The package derives an {\tt unfold} theorem similar to that for $\Fin(A)$. 
Then it proves the theorem {\tt coinduct}, which expresses that $\llist(A)$
is the greatest solution to this equation contained in $\quniv(A)$:
\[ \infer{x\in\llist(A)}{x\in X & X\sbs \quniv(A) &
    \infer*{
     \begin{array}[b]{r@{}l}
       z=\LNil\disj 
       \bigl(\exists a\,l.\, & z=\LCons(a,l) \conj a\in A \conj{}\\
                             & l\in X\un\llist(A) \bigr)
     \end{array}  }{[z\in X]_z}}
\]
This rule complements the introduction rules; it provides a means of showing
$x\in\llist(A)$ when $x$ is infinite.  For instance, if $x=\LCons(0,x)$ then
applying the rule with $X=\{x\}$ proves $x\in\llist(\nat)$.  (Here $\nat$
is the set of natural numbers.)

Having $X\un\llist(A)$ instead of simply $X$ in the third premise above
represents a slight strengthening of the greatest fixedpoint property.  I
discuss several forms of coinduction rules elsewhere~\cite{paulson-coind}.

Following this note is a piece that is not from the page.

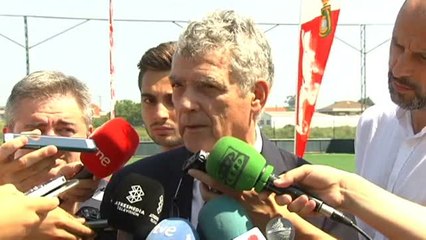 Villar: "Hay que dejar a las personas que se defiendan como se tienen que defender"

The clumsy form of the third premise makes the rule hard to use, especially in
large definitions.  Probably a constant should be declared to abbreviate the
large disjunction, and rules derived to allow proving the separate disjuncts.


\section{Examples of inductive and coinductive definitions}\label{ind-eg-sec}
This section presents several examples from the literature: the finite
powerset operator, lists of $n$ elements, bisimulations on lazy lists, the
well-founded part of a relation, and the primitive recursive functions.

\subsection{The finite powerset operator}
This operator has been discussed extensively above.  Here is the
corresponding invocation in an Isabelle theory file.  Note that
$\cons(a,b)$ abbreviates $\{a\}\un b$ in Isabelle/\textsc{zf}.
\begin{ttbox}
Finite = Arith + 
consts      Fin :: i=>i
inductive
  domains   "Fin(A)" <= "Pow(A)"
  intrs
    emptyI  "0 : Fin(A)"
    consI   "[| a: A;  b: Fin(A) |] ==> cons(a,b) : Fin(A)"
  type_intrs  empty_subsetI, cons_subsetI, PowI
  type_elims "[make_elim PowD]"
end
\end{ttbox}
Theory {\tt Finite} extends the parent theory {\tt Arith} by declaring the
unary function symbol~$\Fin$, which is defined inductively.  Its domain is
specified as $\pow(A)$, where $A$ is the parameter appearing in the
introduction rules.  For type-checking, we supply two introduction
rules:
\[ \emptyset\sbs A              \qquad
   \infer{\{a\}\un B\sbs C}{a\in C & B\sbs C}
\]
A further introduction rule and an elimination rule express both
directions of the equivalence $A\in\pow(B)\bimp A\sbs B$.  Type-checking
involves mostly introduction rules.  

Like all Isabelle theory files, this one yields a structure containing the
new theory as an \textsc{ml} value.  Structure {\tt Finite} also has a
substructure, called~{\tt Fin}.  After declaring \hbox{\tt open Finite;} we
can refer to the $\Fin(A)$ introduction rules as the list {\tt Fin.intrs}
or individually as {\tt Fin.emptyI} and {\tt Fin.consI}.  The induction
rule is {\tt Fin.induct}.


\subsection{Lists of $n$ elements}\label{listn-sec}
This has become a standard example of an inductive definition.  Following
Paulin-Mohring~\cite{paulin-tlca}, we could attempt to define a new datatype
$\listn(A,n)$, for lists of length~$n$, as an $n$-indexed family of sets.
But her introduction rules
\[ \hbox{\tt Niln}\in\listn(A,0)  \qquad
   \infer{\hbox{\tt Consn}(n,a,l)\in\listn(A,\succ(n))}
         {n\in\nat & a\in A & l\in\listn(A,n)}
\]
are not acceptable to the inductive definition package:
$\listn$ occurs with three different parameter lists in the definition.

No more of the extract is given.